§ **Material provided**

++++++++++++++++++++

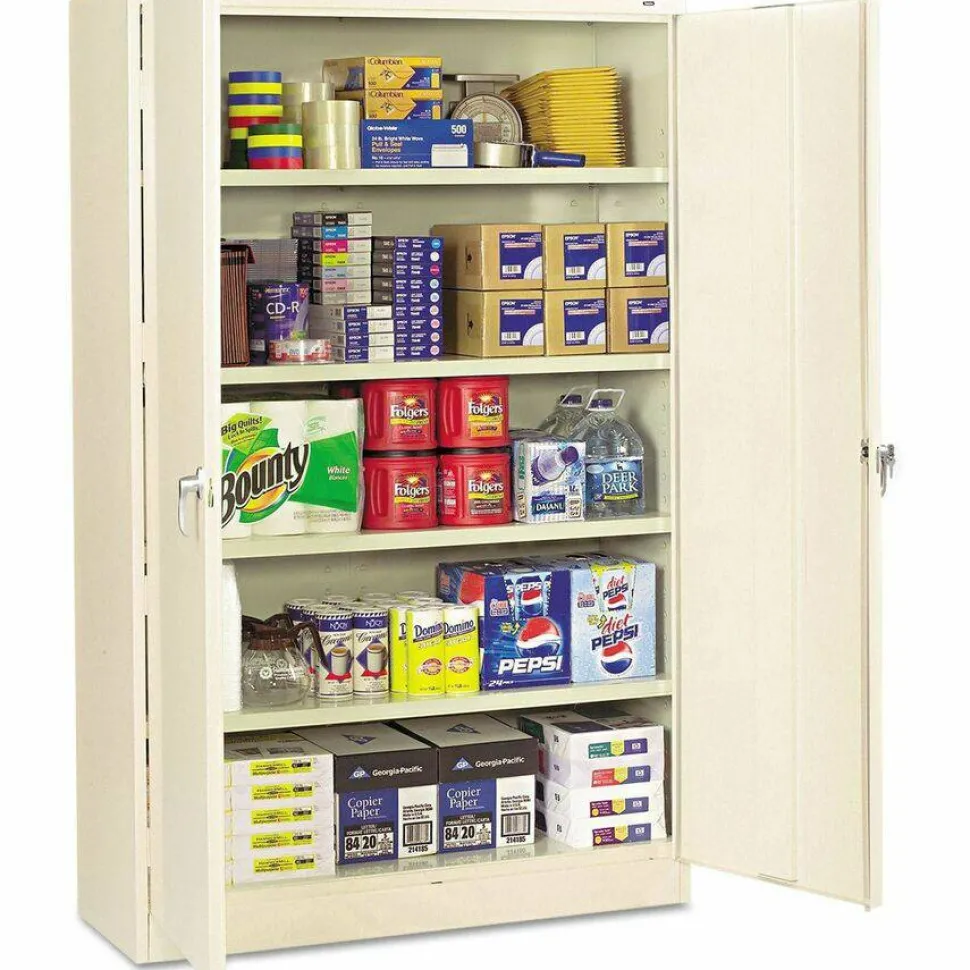 Assembled Jumbo Steel Storage Cabinet, 48w x 24d x 78h, Putty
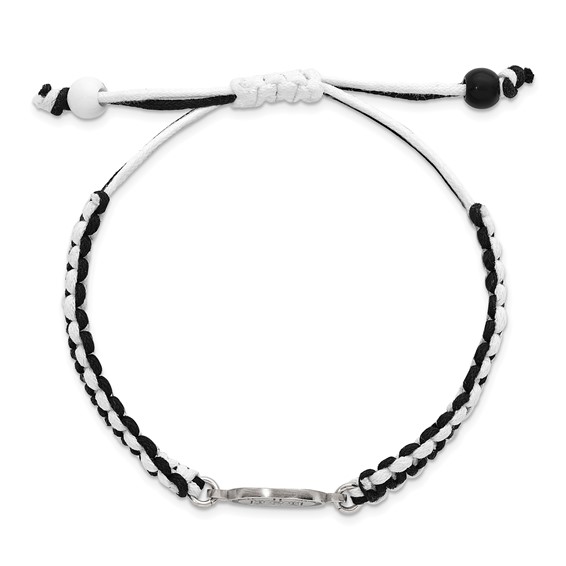 Stainless Steel NHL LogoArt Boston Bruins Adjustable Cord Bracelet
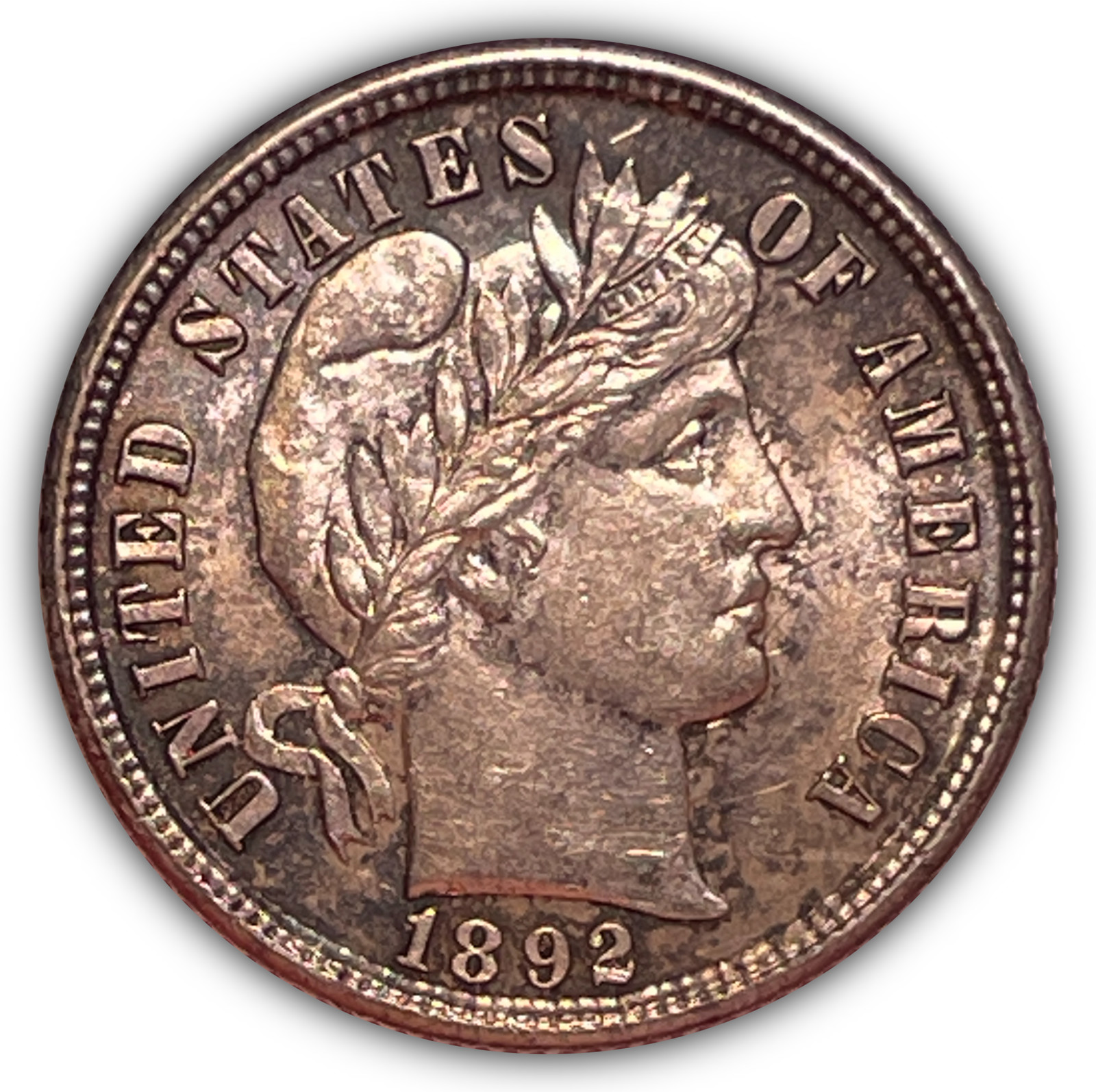 1892 Barber Dime Nearly Uncirculated Near UNC Coin #21197T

++++++++++++++++++++

§ **Exercise instructions**
Write out the whole listing again, exactly, with no pictures.

§ **Finished exercise**
 Assembled Jumbo Steel Storage Cabinet, 48w x 24d x 78h, Putty
 Stainless Steel NHL LogoArt Boston Bruins Adjustable Cord Bracelet
 1892 Barber Dime Nearly Uncirculated Near UNC Coin #21197T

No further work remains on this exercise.